Steroids do improve some people’s autism, but are unsuitable for long term use.  A short course of steroids reduces Covid-19 deaths – a very cost effective therapy.

IVIG is extremely expensive, but it does provide a benefit in some cases. IVIG is used quite often to treat autism in the US, but rarely elsewhere other than for PANS/PANDAS that might occur with autism.


9.     Regenerative medicine

Stem cell therapy

I was surprised they gave stem cell therapy a mention. I think it is still early days for stem cell therapy.


Conclusion

I have observed the ongoing Covid-19 situation with interest and in particular what use has been made of the scientific literature.

There are all sorts of interesting snippets of data. You do not want to be deficient in Zinc or vitamin D, having high cholesterol will make it easier for the virus to enter your cells.  Potassium levels may plummet and blood becomes sticky, so may form dangerous clots. A long list of drugs may be at least partially effective, meaning they speed up recovery and reduce death rates. Polytherapy, meaning taking multiple drugs, is likely to be the best choice for Covid-19.

Potential side effects of some drugs have been grossly exaggerated, as with drugs repurposed for autism.  Even in published research, people cheat and falsify the data. In the case of hydroxychloroquine, the falsified papers were quickly retracted.

The media twist the facts, to suit their narrative, as with autism.  This happens even with Covid-19. Anti-Trump media (CNN, BBC etc) is automatically anti-hydroxychloroquine, and ignores all the published research and the results achieved in countries that widely use it (small countries like China and India). 

Shutting down entire economies when only 5-10% of the population have been infected and hopefully got some immunity, does not look so smart if you are then going to reopen and let young people loose.  They will inevitably catch the virus and then infect everyone else. Permanent lockdown restrictions, if followed by everyone, until a vaccine which everyone actually agreed to take, makes sense and living with the virus makes sense, but anything in between is not going to work. After 3 months without any broad lockdown, and allowing young people to socialize, most people would have had the virus and then those people choosing to shield could safely reemerge. The death rate with the current optimal, inexpensive treatment, as used in India or South Africa is very low, in people who are not frail to start with. Time to make a choice.  Poor people in poor countries cannot afford to keep going into lockdown, they need to eat.

What hope is there for treating a highly heterogeneous condition like autism, if it is not approached entirely rationally and without preconceptions and preconditions?  In a pandemic we see that science does not drive policy and translating science into therapy is highly variable.  The science is there for those who choose to read it.

I frequently see comments from parents who have seen some of the research showing that autism has an inflammatory/auto-immune component.  They ask why this has not been followed up on in the research.  It has been followed up on.  It just has not been acted upon.
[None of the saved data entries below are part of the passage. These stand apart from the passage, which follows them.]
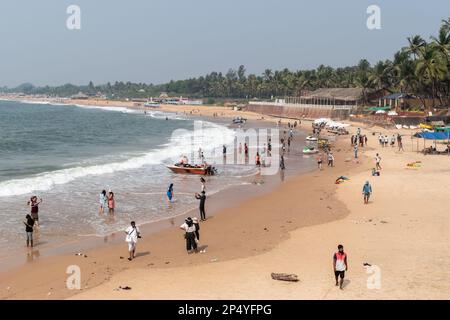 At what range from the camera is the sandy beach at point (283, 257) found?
10.9 m

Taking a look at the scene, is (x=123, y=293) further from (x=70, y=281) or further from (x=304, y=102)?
(x=304, y=102)

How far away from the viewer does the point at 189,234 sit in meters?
14.4

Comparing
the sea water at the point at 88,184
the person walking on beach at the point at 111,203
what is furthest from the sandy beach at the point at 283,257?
the person walking on beach at the point at 111,203

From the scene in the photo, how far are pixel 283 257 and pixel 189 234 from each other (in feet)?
9.08

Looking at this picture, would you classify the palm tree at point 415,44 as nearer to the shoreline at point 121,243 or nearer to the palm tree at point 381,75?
the palm tree at point 381,75

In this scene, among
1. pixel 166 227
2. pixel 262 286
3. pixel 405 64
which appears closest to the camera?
pixel 262 286

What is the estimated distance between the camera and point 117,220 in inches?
755

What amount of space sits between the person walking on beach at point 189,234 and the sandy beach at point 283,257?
0.28m

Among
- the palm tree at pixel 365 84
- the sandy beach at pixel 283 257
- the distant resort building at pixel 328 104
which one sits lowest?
the sandy beach at pixel 283 257

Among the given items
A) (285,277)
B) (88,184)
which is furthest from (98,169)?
(285,277)

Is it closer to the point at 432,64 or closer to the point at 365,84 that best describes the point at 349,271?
the point at 432,64

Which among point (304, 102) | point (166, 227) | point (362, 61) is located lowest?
point (166, 227) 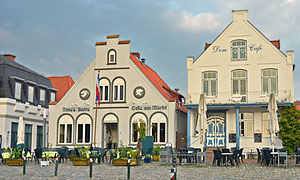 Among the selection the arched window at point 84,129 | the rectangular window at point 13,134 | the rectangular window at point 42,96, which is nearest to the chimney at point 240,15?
the arched window at point 84,129

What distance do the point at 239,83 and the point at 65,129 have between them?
517 inches

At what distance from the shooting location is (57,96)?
41875mm

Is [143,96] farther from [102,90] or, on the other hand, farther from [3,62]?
[3,62]

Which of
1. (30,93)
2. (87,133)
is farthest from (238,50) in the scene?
(30,93)

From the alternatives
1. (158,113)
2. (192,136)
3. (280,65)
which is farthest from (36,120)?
(280,65)

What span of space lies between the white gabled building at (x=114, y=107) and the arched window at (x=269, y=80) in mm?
6228

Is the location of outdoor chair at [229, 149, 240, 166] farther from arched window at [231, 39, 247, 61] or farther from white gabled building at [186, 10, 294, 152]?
arched window at [231, 39, 247, 61]

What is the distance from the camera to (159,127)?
99.7 ft

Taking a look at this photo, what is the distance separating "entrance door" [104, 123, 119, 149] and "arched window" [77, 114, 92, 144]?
3.96 ft

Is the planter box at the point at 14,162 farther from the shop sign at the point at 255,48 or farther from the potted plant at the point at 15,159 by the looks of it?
the shop sign at the point at 255,48

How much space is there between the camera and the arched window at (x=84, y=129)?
31477 mm

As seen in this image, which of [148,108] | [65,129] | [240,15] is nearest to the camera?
[240,15]

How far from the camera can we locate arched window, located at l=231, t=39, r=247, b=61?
95.1 feet

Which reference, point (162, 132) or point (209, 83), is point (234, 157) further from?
point (162, 132)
Why has it not been acted on?

This missing stage is called “translation”.  Why don’t doctors translate scientific findings into therapy for their patients?
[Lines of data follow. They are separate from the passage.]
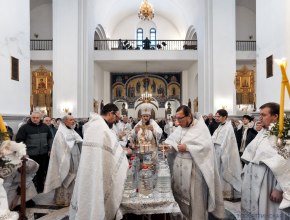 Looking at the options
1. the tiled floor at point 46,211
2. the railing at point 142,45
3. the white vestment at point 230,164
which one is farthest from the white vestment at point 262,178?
the railing at point 142,45

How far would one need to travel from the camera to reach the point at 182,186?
10.7 ft

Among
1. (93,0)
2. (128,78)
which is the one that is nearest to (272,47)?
(93,0)

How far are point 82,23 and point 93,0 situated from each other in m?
2.61

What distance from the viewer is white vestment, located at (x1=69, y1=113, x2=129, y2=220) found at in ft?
7.91

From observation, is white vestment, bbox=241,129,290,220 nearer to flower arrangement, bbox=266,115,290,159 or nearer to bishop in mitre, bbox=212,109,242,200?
flower arrangement, bbox=266,115,290,159

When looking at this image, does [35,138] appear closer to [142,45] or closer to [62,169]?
[62,169]

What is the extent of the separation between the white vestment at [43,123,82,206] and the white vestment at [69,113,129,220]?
2178 mm

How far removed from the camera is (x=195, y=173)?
3.21 meters

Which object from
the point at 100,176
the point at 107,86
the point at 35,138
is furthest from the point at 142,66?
the point at 100,176

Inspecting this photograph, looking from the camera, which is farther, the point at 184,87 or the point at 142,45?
the point at 184,87

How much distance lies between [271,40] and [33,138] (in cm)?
560

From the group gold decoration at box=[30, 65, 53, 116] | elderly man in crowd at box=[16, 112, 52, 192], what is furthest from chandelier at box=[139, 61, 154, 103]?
elderly man in crowd at box=[16, 112, 52, 192]

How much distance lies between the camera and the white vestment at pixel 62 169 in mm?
4508

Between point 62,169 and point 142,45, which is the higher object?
point 142,45
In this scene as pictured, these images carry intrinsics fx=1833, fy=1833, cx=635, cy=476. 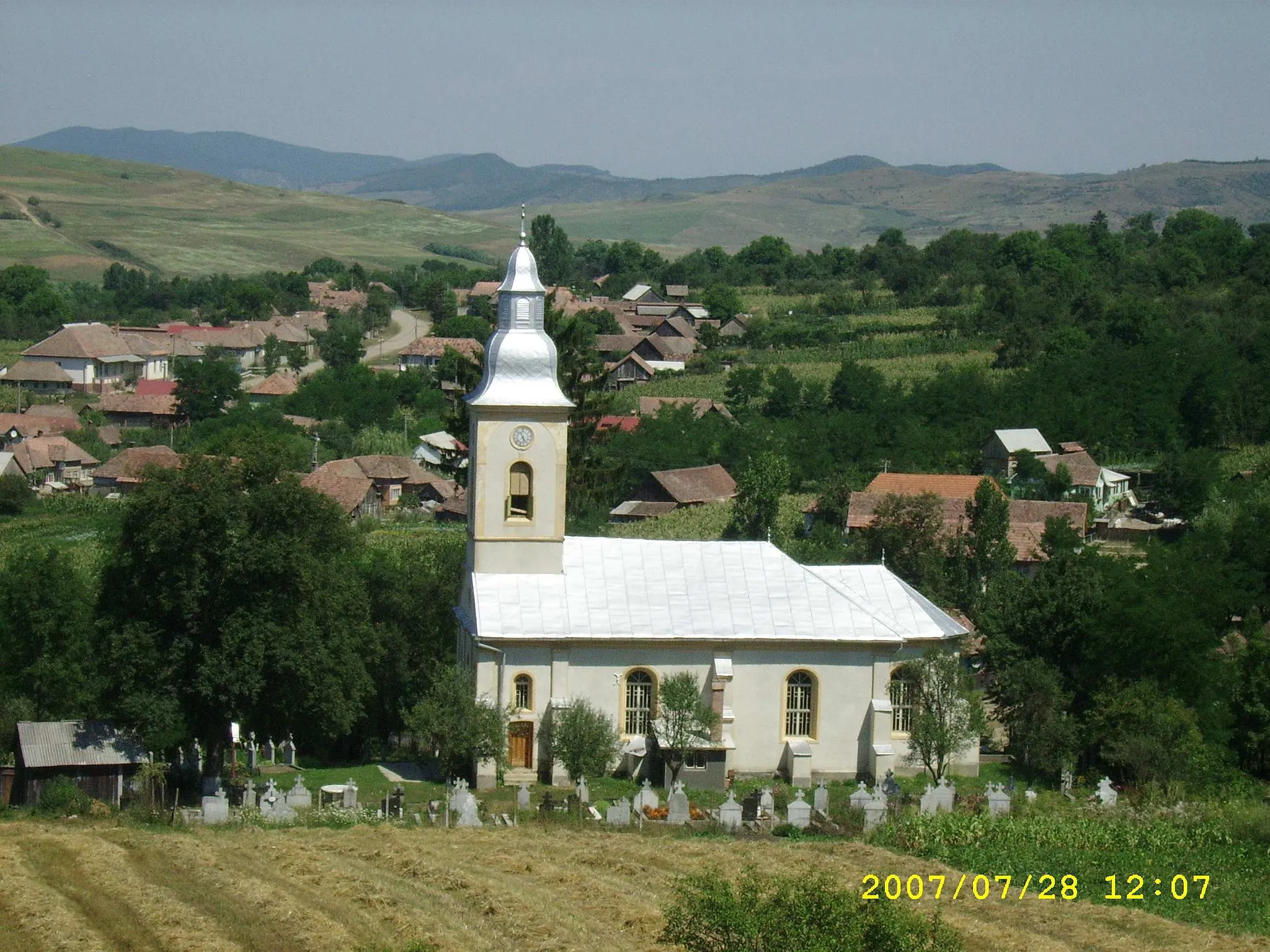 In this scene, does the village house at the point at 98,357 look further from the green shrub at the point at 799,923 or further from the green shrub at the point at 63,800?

What is common sense to some, is “experimental” to others. “Experimental” is frowned upon in modern medicine, but innovation requires experimentation.
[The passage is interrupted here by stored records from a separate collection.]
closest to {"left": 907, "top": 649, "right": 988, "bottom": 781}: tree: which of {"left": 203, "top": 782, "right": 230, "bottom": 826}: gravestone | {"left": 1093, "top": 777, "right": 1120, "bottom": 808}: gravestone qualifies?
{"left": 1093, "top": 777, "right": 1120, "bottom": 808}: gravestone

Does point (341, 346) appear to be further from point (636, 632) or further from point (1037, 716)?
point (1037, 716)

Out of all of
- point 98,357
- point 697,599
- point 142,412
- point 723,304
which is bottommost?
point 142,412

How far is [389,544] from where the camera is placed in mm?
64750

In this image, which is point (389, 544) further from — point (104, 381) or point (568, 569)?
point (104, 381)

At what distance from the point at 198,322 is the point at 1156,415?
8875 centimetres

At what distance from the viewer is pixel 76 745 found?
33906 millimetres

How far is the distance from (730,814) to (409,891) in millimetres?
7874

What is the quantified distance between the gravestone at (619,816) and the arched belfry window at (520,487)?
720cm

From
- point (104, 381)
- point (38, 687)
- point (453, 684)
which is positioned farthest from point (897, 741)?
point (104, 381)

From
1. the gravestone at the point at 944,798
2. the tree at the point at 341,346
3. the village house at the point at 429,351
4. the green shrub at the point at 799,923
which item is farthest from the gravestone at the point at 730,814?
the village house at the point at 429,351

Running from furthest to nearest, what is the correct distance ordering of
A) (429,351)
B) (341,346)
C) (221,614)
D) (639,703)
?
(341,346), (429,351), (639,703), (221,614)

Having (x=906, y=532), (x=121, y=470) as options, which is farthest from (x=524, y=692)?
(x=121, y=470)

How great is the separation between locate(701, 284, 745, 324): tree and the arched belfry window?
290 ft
Many people’s severe autism is unique and experimental polytherapy/polypharmacy is their only hope.

The cookie cutter approach is not going to work for autism. 

Thankfully, for many common diseases the cookie cutter approach works just fine.

Do the authors of today’s paper, Dr McDougle and Dr Thom, actually prescribe to their young patients many of the drugs that they have written about?  I doubt it and therein lies the problem.  

Time for that wizard, perhaps? 

A few years ago I did add the following tag line, under the big Epiphany at the top of the page. 

An Alternative Reality for Classic Autism - Based on Today's Science

You can choose a different Autism reality, if you do not like your current one.  I am glad I did. I didn't even need a wizard.  

There are many immuno-modulatory therapies for autism that the Massachusetts doctor duo did not mention, but it is good that they made a start.